You bet Acer brought the Predator 21 X at IFA and it looks, well, alien. It's impressive however you look at it, and while it is heavy, it offers uncompromising gaming experience and a ton of coolness.
Each Predator 21 X will be made to order and shipping starts in January, 2017. Pricing is yet to be detailed.
Acer collaborated with Starbreeze and IMAX for a new breed of VR headset. Acer didn't want to compete in the home VR experience segment and instead jumped on the public entertainment, such is the IMAX.
This new StarVR will be available in the LA's IMAX VR Center, which will have a grand opening this year. This is just the first experience center of many others to follow soon after.
As you can see StarVR isn't even targeting the end users, instead Acer wants to ship it directly in mass batches to businesses.
The StarVR has 5K resolution and offers a 210-degree field-of-view. It looks really good and is almost like having a full peripheral vision at your disposal, blur-free. The effect is achieved by two different panels positioned at a specific angle and a sophisticated set of lenses.
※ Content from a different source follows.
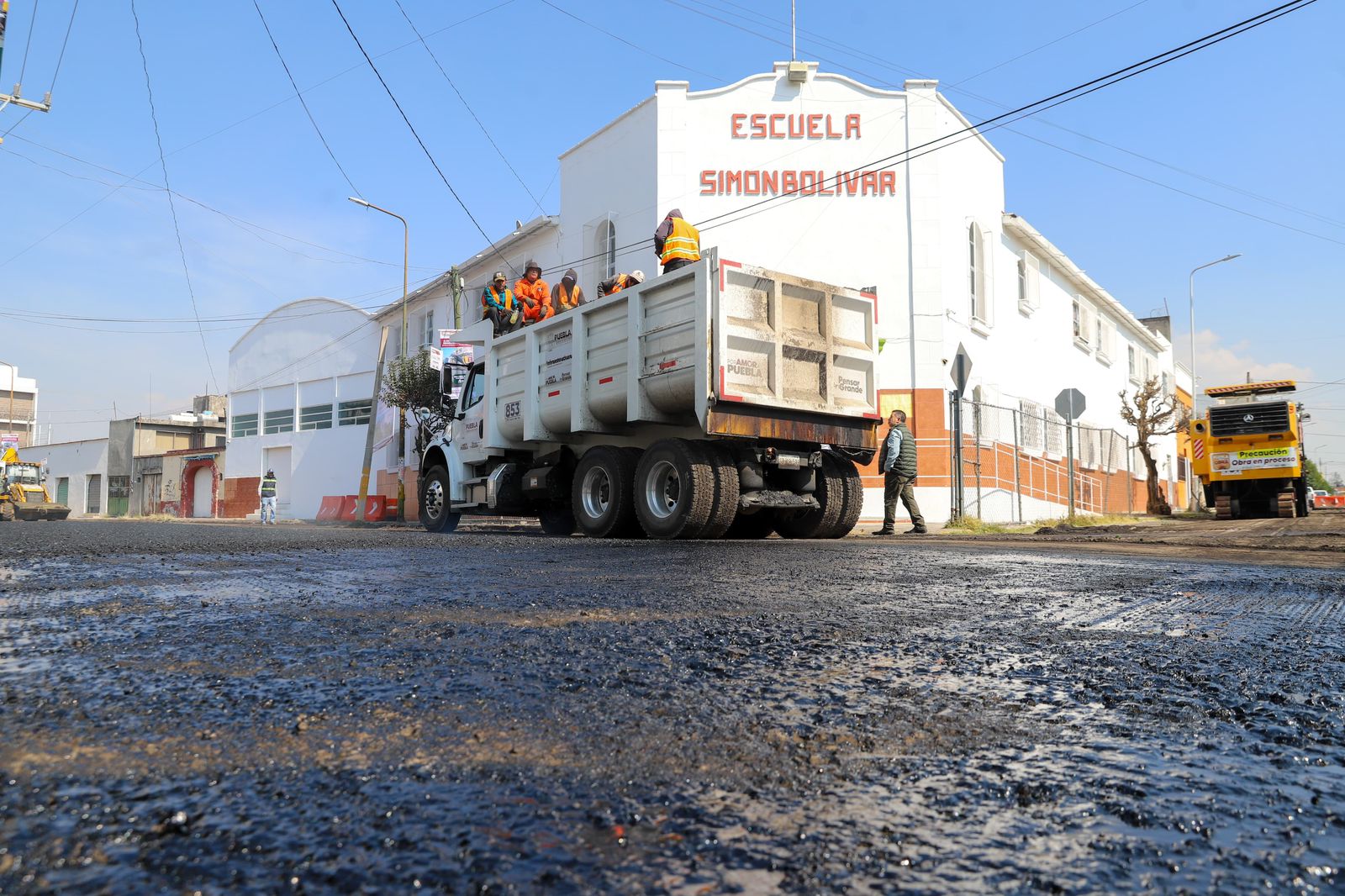 Más de 5 mil calles y 34 avenidas prioritarias son rehabilitadas en Puebla el primer año del gobernador Armenta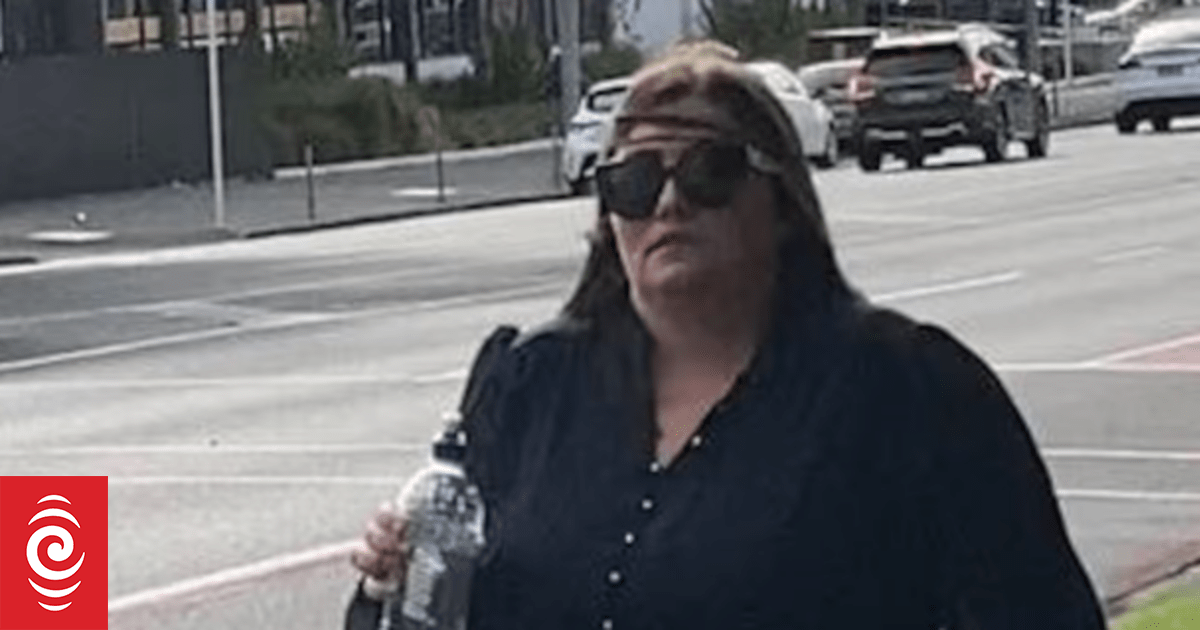 Hamilton woman Kate Gough avoids jail after sexually assaulting teen boy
Instead of two individual ocular lenses, the headset has just one big viewport for your eyes, like a ski mask. Interestingly, the seam between the two panels is barely noticeable, but it's there.
The good news is that the headset is quite lightweight.
Currently the headset supports only head-tracking, but Acer says it is experimenting with room-tracking and even other sensors. Right now they are testing a shotgun accessory with tracking and shooting.
It seems Acer's experiments may indeed succeed into blurring the line between the spectator and participant in movies and games, but we are yet to experience that. Then again, the first game centers utilizing the headset will open later this year - we can't wait to try one of these in action.